Limitations of this study

There are some limitations of this review. The included studies presented moderate to high risk of bias, allocation concealment was not described in most studies, groups were often not similar at baseline (which is often the case in small studies), participants were blinded in only seven studies and outcome assessors were blinded in only 11 studies. With the exception of Leung et al. [66], Boegarts et al. [38], Kemmler et al. [44], von Stengel [59] (n = 151) and Sitjà-Rabert et al. [64], the remaining studies were small. This further increases the risk of bias. Therefore, the quality of the included studies overall was rather low.

The ability to replicate or reproduce experimental results, or reproducibility, is one of the major tenets of the scientific method. SR-WBV results considered in this review come from one research group only. It is, therefore, necessary that the published findings of this group are validated through replication by others. Until replication is done the results for SR-WBV should be interpreted with caution and, hence, this is a limitation of this review. Another limitation of our approach is the possible language bias, we only included studies in English or German and it cannot be excluded that relevant research in different languages exists.

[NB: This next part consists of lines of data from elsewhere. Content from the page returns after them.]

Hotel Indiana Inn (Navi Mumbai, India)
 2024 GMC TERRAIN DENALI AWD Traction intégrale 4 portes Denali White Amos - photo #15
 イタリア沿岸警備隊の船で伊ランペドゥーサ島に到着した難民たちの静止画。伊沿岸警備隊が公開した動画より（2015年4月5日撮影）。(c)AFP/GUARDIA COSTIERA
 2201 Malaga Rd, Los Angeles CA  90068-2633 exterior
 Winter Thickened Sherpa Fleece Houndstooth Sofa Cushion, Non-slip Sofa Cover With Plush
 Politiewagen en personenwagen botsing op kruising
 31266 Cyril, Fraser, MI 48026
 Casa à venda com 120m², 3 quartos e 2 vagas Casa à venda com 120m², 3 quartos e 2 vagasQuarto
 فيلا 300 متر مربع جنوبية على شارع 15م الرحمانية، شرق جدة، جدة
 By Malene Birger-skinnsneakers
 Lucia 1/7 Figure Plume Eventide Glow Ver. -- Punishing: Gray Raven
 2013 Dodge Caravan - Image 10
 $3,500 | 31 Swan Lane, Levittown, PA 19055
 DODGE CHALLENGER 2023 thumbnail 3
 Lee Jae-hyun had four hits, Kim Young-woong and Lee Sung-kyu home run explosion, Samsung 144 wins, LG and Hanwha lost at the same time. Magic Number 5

This review included mainly studies with “Go-Go” and “Slow-Go” participants and only few studies with participants from the “No-Go” group. As the effect might be largest in this No-Go group with SMD of 0.47 (95 % CI 0.16 to 0.78), further studies should evaluate WBV in this group of elderly. Only a few studies have evaluated SR-WBV and no study has compared SR-WBV to other vibration modalities in elderly participants.

Conclusions

WBV shows beneficial effects on proxies of muscle strength in older adults, mainly in elderly with lower initial levels of functioning, suggesting that WBV can be used as a skilling-up exercise in participants. However, the review suggests that WBV has no overall treatment effect on muscle strength properties in older women and men across the whole spectrum of physical functioning. Only few studies evaluated WBV in (pre-)frail elderly. No randomized trial has examined the effects of WBV on muscle in older (pre-)frail elderly. Based on this review no recommendations can be given for the most effective vibration mode. Further studies with the various types of WBV in various sub-populations of elderly persons are warranted and needed to determine the most effective vibration modes.